** Activity **
Transcribe only the lines from the one containing "Lincoln Nautilus 2020" through the final line of the entries below, exactly, and exclude the pictures.
[[ Material for the task, beginning ]]
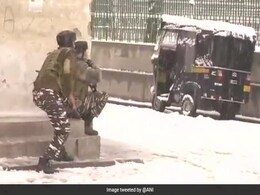 श्रीनगर: CRPF कैंप पर हमला करने आए आतंकी इमारत में छिपे, ऑपरेशन जारी, एक जवान शहीद श्रीनगर: CRPF कैंप पर हमला करने आए आतंकी इमारत में छिपे, ऑपरेशन जारी, एक जवान शहीद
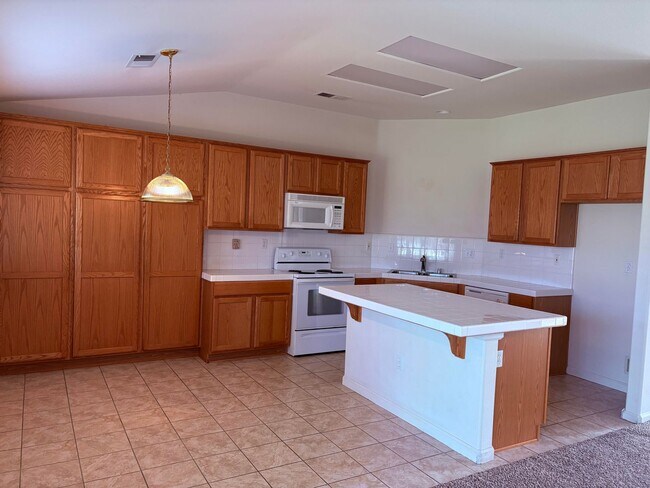 Foto del edificio - 12810 Marradi Ave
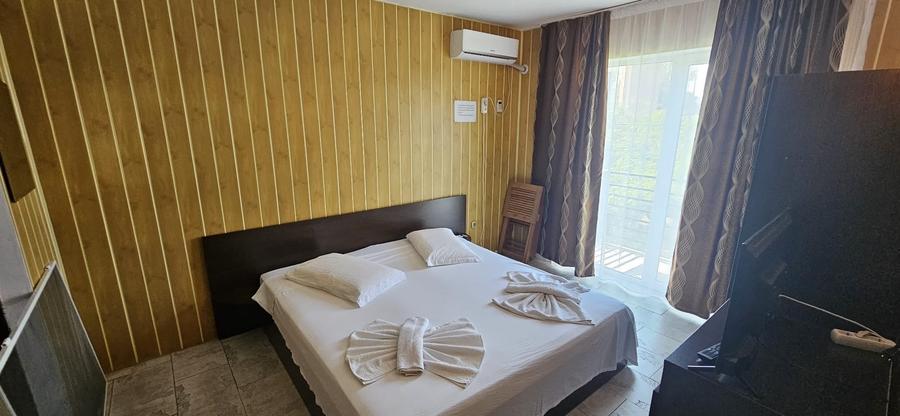 Casă cu 18 camere cu Teren 312 Mp în Eforie Nord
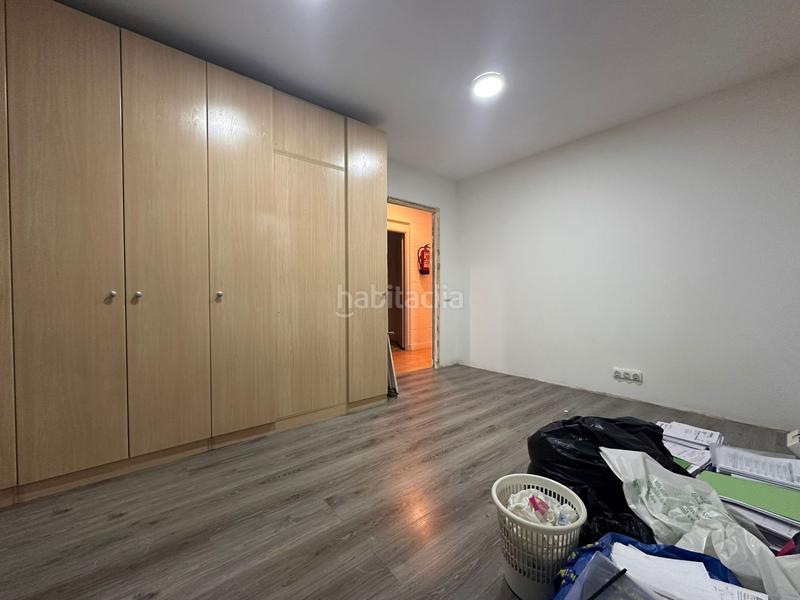 Foto d1cc4c00-5c57-420c-8beb-e7f396c20216. Rent industrial building in Montigalà Badalona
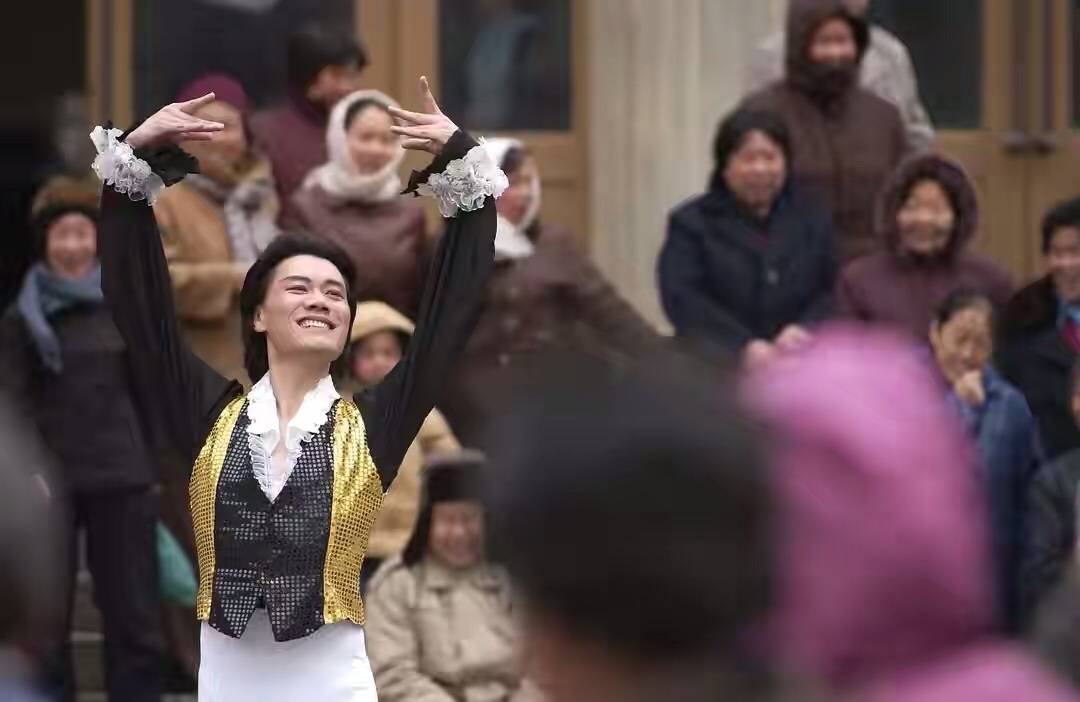 作为一个罕见的男性芭蕾舞者,胡金泉每次登台,不免遭受观众的嘲讽和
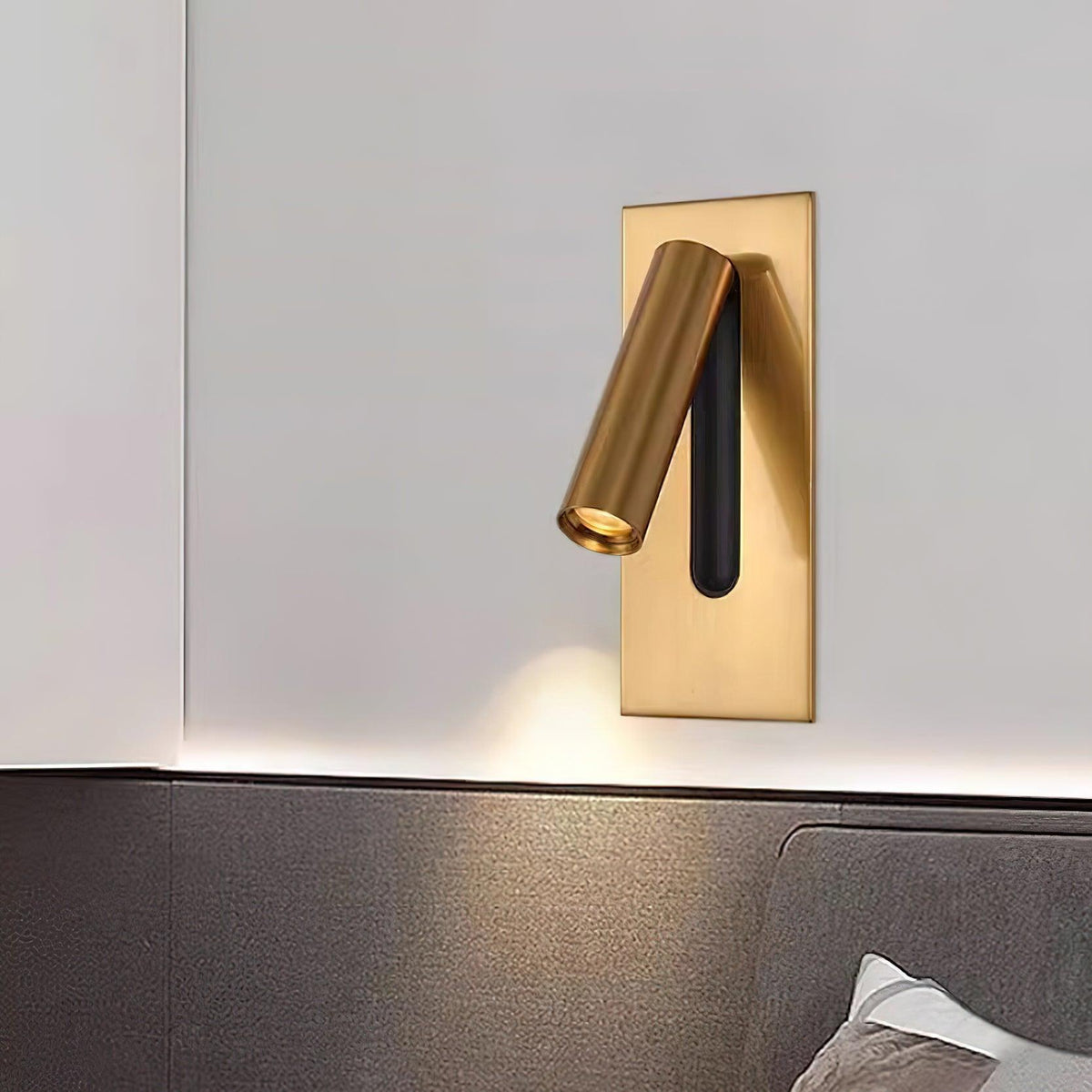 Applique de lecture à spot cylindrique orientable sur platine — Mangrove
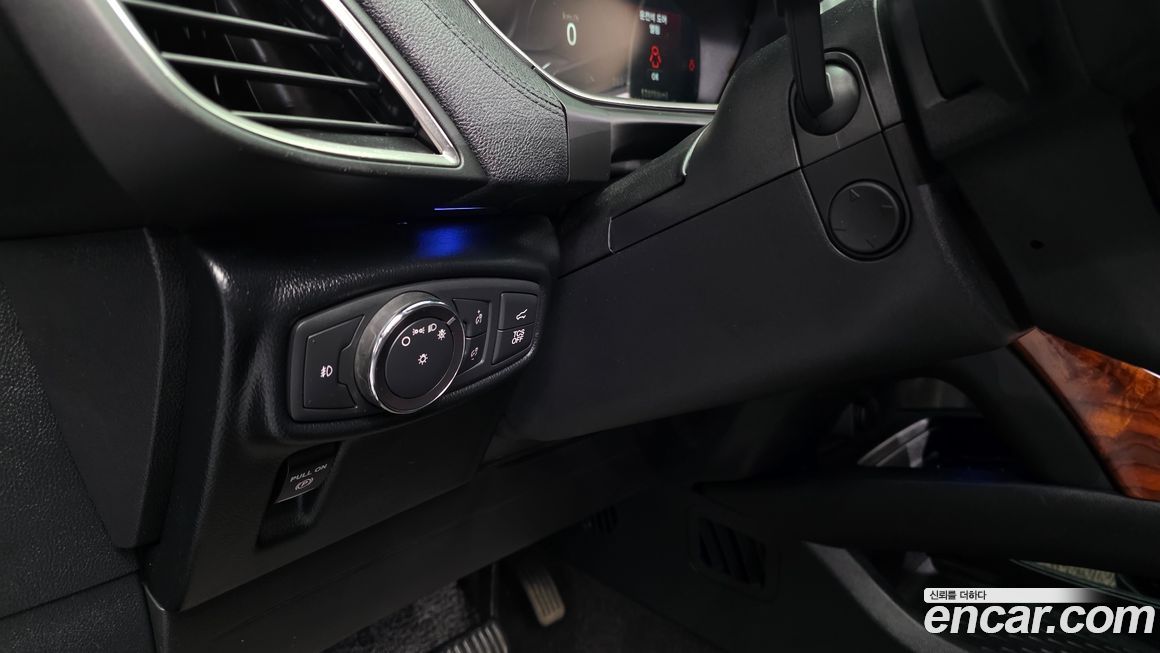 Lincoln Nautilus 2020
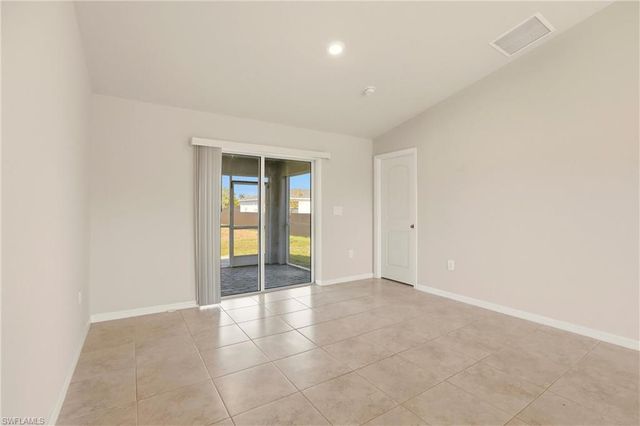 3600 NE 20th PL, Cape Coral, FL 33909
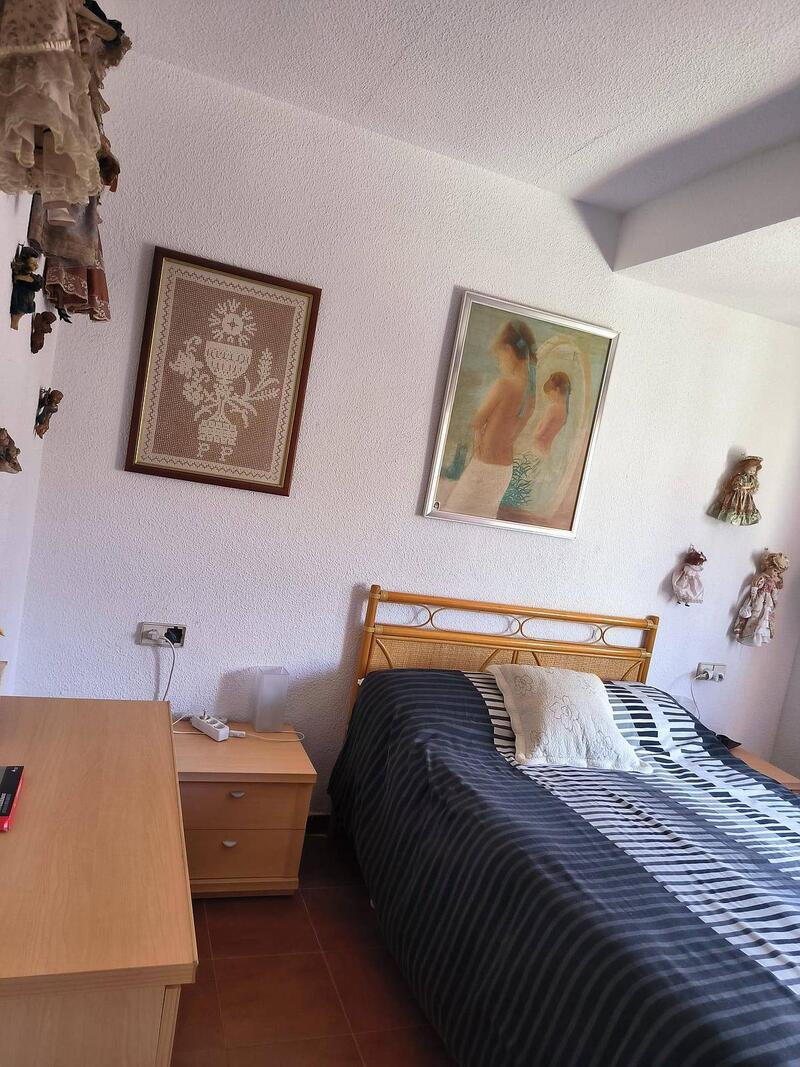 7 Schlafzimmer Stadthaus zu verkaufen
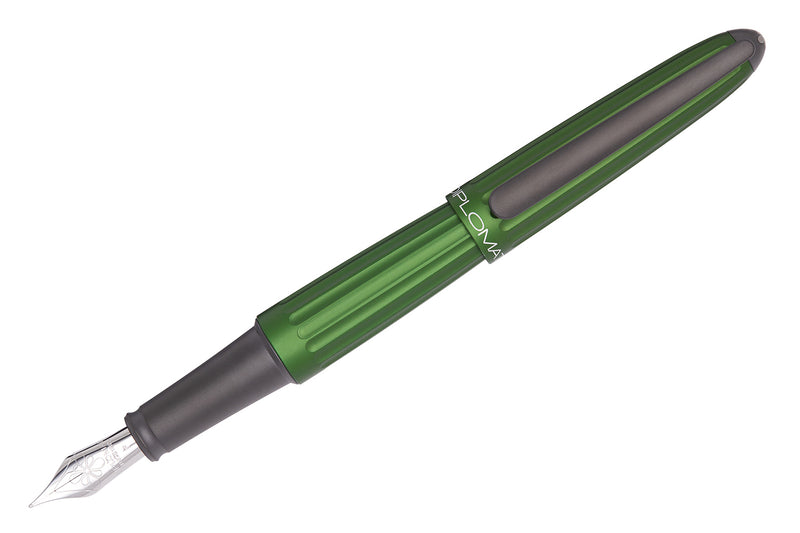 Diplomat Aero Fountain Pen - Green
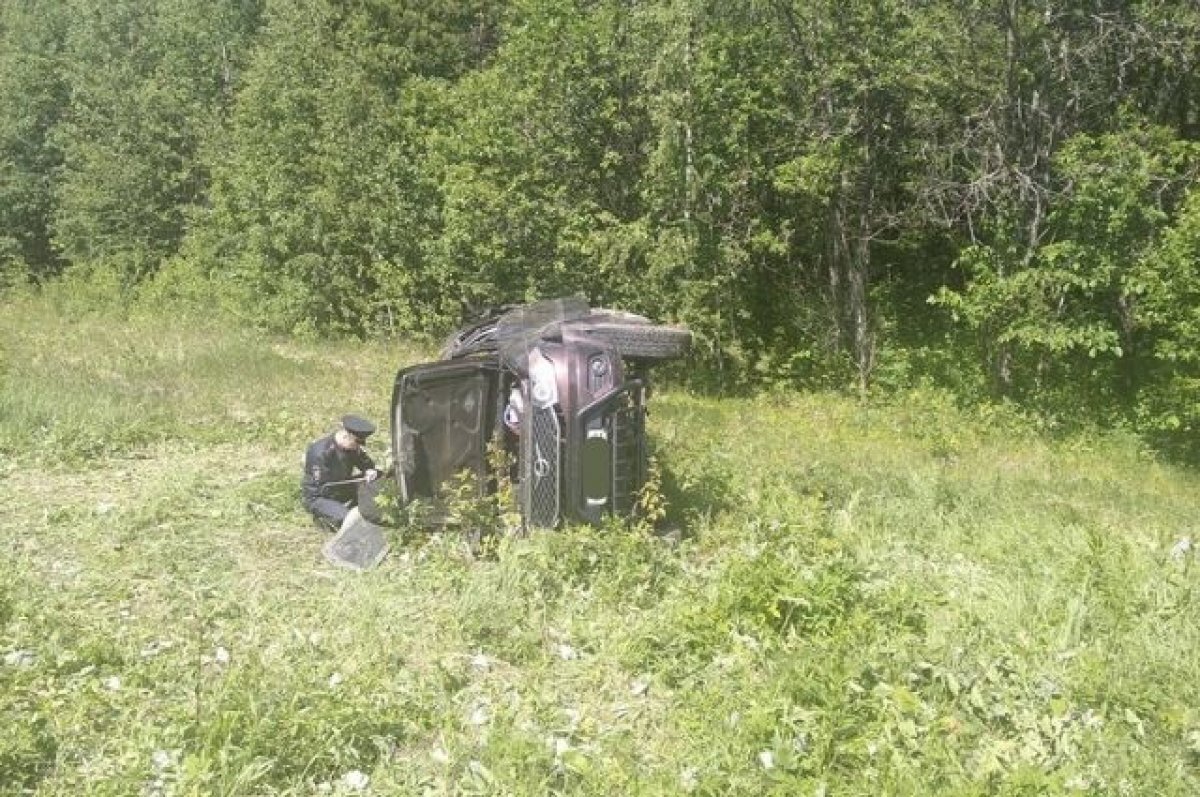    Семья из Екатеринбурга перевернулась во внедорожнике по пути в Башкирию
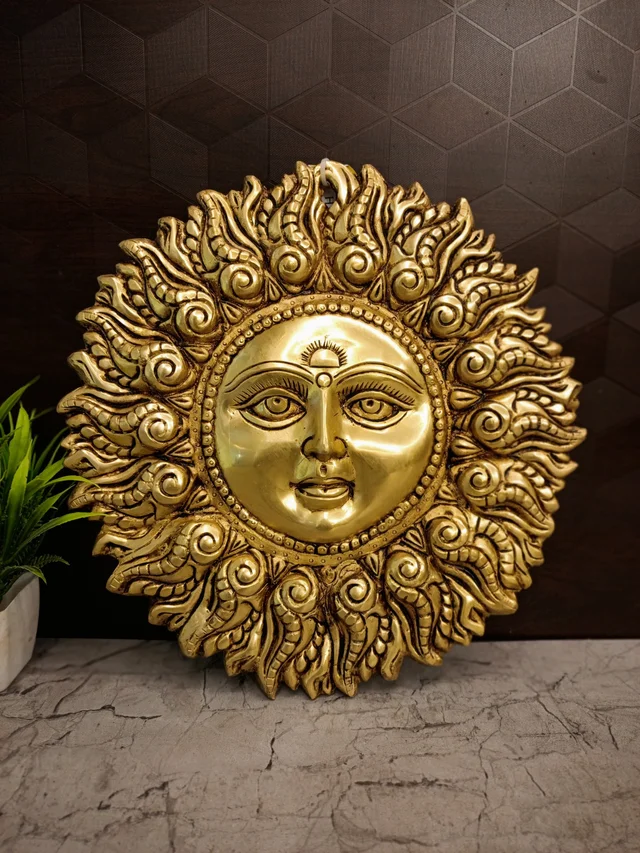 DecorsOne Brass Sun Face Wall Mount 11.5"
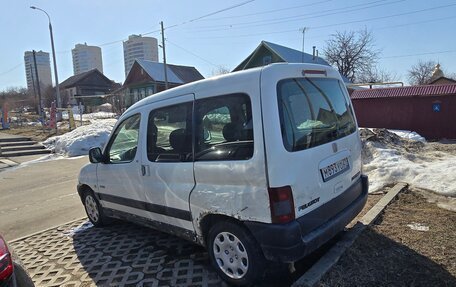 Peugeot Partner II рестайлинг 2, 2001 год, 200 000 рублей, 3 фотография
[[ Material for the task, end ]]
** Result **
 Lincoln Nautilus 2020
 3600 NE 20th PL, Cape Coral, FL 33909
 7 Schlafzimmer Stadthaus zu verkaufen
 Diplomat Aero Fountain Pen - Green
    Семья из Екатеринбурга перевернулась во внедорожнике по пути в Башкирию
 DecorsOne Brass Sun Face Wall Mount 11.5"
 Peugeot Partner II рестайлинг 2, 2001 год, 200 000 рублей, 3 фотография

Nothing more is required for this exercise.